State agents are trying to figure out who recently posted a Craigslist ad purporting to want to sell a newborn child for $500.
"Baby is 2 weeks old. It sleeps, don't make noise at night," the ad read. "Formula and clothes will give it to you. Can give you the baby 4 year old sister for free."
Investigators are unsure whether the ad was a crude hoax, or someone actually trying to sell a child online. The Florida Department of Law Enforcement launched the probe Friday, soon after the ad was posted to the popular classifieds website.
The poster also claimed to live in a "quiet influential neighborhood" and to work for "the department of children and families."
"I don't wanna be judged for not wanting these kids," the post read.
A FDLE spokeswoman, Gretl Plessinger, declined to give specifics about the case. "We do have an active investigation that started last Friday," she said.
The Florida Department of Children and Families did not respond to a request for comment on Monday. Craigslist also did not return a request for comment from the Miami Herald.
FDLE agents interviewed one woman they suspected might have behind the post, the Herald has learned; she denied any involvement.
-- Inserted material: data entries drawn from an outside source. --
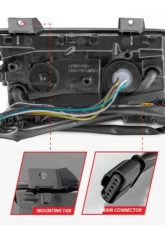 Anzo USA LED Side Marker Lights Smoke w Sequential Signal Jeep Wrangler | Gladiator 2018-2021                                     - 511088 - Image 6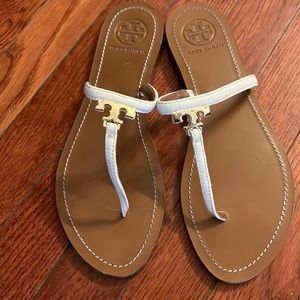 Tory Burch flip flop sandals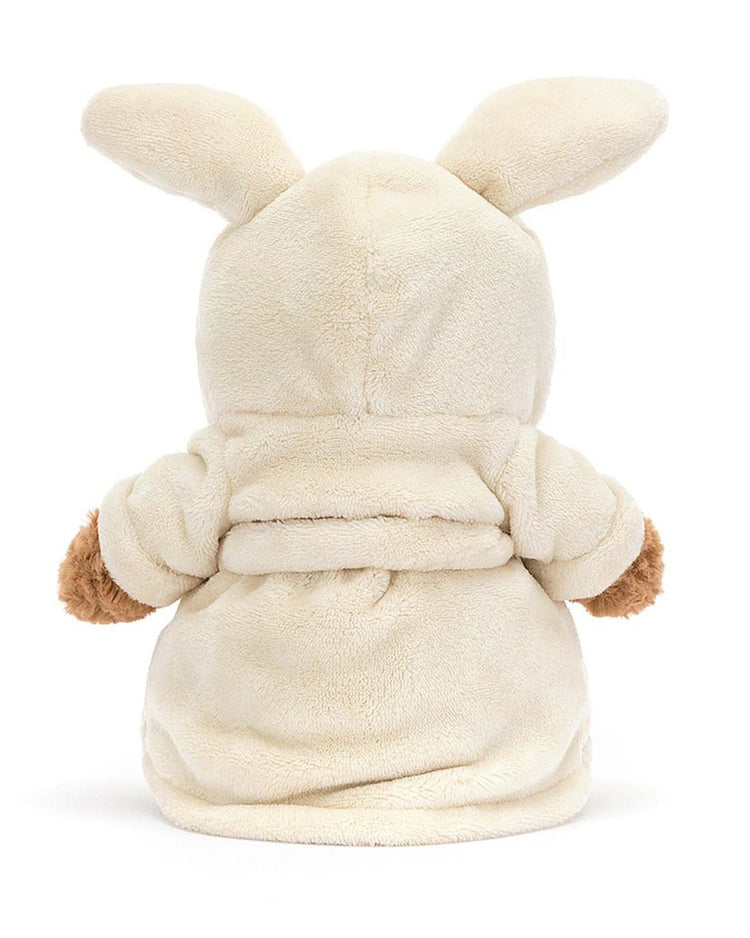 Little jellycat play bartholomew bear bathrobe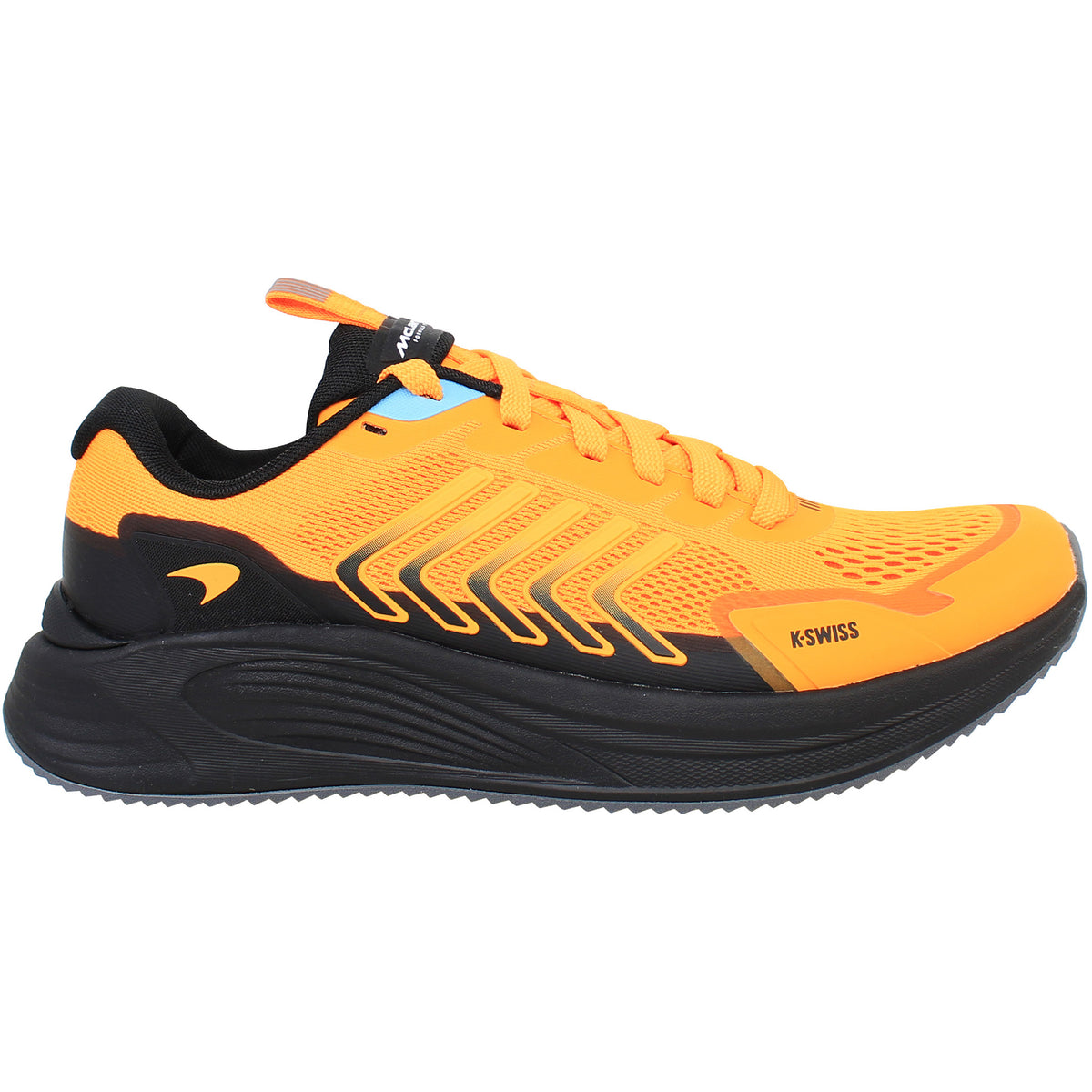 K-Swiss Aero-Active x McLaren F1 Team Mens Orange Trainers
Investigators are now waiting on computer records that might help them identify the poster.
It's unclear what, if any, Florida law might be broken by posting an online ad trying to sell a child.
At least one South Florida mom has been arrested in the past decade for trying to sell her infant, but it wasn't via an online post.
Seven years ago, Kenia Quiala Bosque, of Opa-locka, was arrested after agents said she arranged to sell her 8-month-old son to a Monroe County man. She was charged with a felony charge of an adoption violation, which prohibits "to sell or surrender, or to arrange for the sale or surrender of, a minor to another person for money or anything of value."
Bosque wound up convicted and serving 180 days in jail, and she lost custody of her children.
Craigslist, usually used for hawking everything from rental apartments, cars and furniture, has been pilloried in the past for allowing "escort" and "dating" posts, which critics say emboldens the trafficking of underage victims. The site has since stopped running the ads.
But cases involving the trade of newborn babies are rare.
In 2017, a Tennessee man and woman were arrested after police said they tried to sell their 5-month-old son on Craigslist. Police arranged an undercover sting, and charged them with aggravated child abuse, child neglect and endangerment.
The same year, a Colorado man apologized for offering his baby for sale for $2,500. He called it a dumb joke. "Healthy white baby for sale cheap. Works fine but leaks out of his eyes occasionally," the ad read.
Four years ago, a Georgia woman was arrested after posting an ad on Craiglist asking for an unwanted baby _ so she could give the child to her 14-year-old daughter.